News and Press Releases

Love Thomas Wright Cooper Sentenced in U.S. District Cour

Wednesday, June 01, 2011

The United States Attorney's Office announced that during a federal court session in Billings, on June 1, 2011, before Senior U.S. District Judge Jack D. Shanstrom, LOVE THOMAS WRIGHT COOPER, a 31-year-old resident of Emigrant, appeared for sentencing. COOPER was sentenced to a term of:

Prison: 80 months

Special Assessment: $100

Supervised Release: 3 years

COOPER was sentenced after a federal district court trial in which he was found guilty of being a felon-in-possession of a firearm. Assistant U.S. Attorney Bryan R. Whittaker prosecuted the case for the United States.

At trial, the following evidence and testimony was presented to the jury.

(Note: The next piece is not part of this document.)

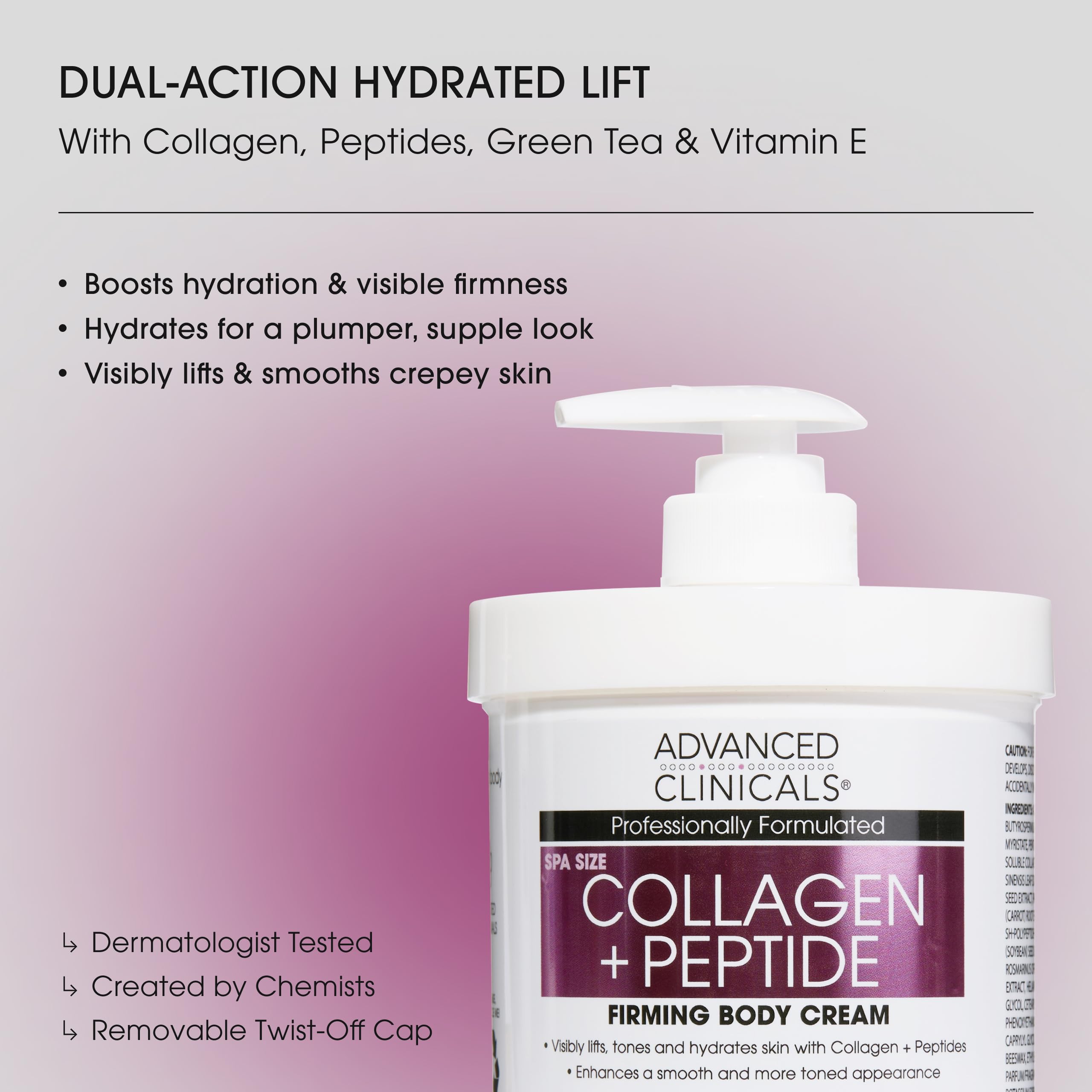 Advanced Clinicals Collagen Peptides Soin Visage en pot, douceur et réconfort.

On March 6, 2010, a Park County Sheriff's deputy conducted a traffic stop of COOPER's vehicle for speeding. COOPER was observed by radar traveling 80 MPH in a 65 MPH zone. He was driving an unregistered vehicle with a fictitious license plate, no insurance, and a revoked driver's license. When the deputy approached the driver's door, COOPER, the only individual in the vehicle, only slightly lowered the window. COOPER refused to cooperate with the deputy and remained in the pickup truck talking to an unknown individual on his cell phone. After some time, and after repeated requests by deputies to do so, COOPER finally exited the vehicle.

When deputies patted-down COOPER's person, they discovered a loaded Walther pistol in a holster on his waist. After being taken into custody, and during a vehicle inventory search, a loaded Ruger pistol was found on the rear passenger floorboard of the vehicle being driven by COOPER.

On March 30, 2000, COOPER had been convicted of unlawful wounding in the Commonwealth of Virginia and as a result was prohibited from possessing firearms.

Testimony at trial revealed that COOPER considered himself a Sovereign Citizen and not a citizen of the United States - therefore, COOPER believed he did not have to follow the laws of the United States.

In response to the Court's sentencing of COOPER, U.S. Attorney Michael W. Cotter for the District of Montana said, "The cooperative efforts of all of the law enforcement agencies involved in the investigation of Mr. Cooper are to be commended. Today's sentence sends a clear message to all citizens that no one is above the laws of this country - including Mr. Cooper."

Because there is no parole in the federal system, the "truth in sentencing" guidelines mandate that COOPER will likely serve all of the time imposed by the court. In the federal system, COOPER does have the opportunity to earn a sentence reduction for "good behavior." However, this reduction will not exceed 15% of the overall sentence.

The investigation was a cooperative effort between the Park County Sheriff's Office, the Federal Bureau of Investigation, the Montana Division of Criminal Investigations and the Bureau of Alcohol, Tobacco, Firearms and Explosives.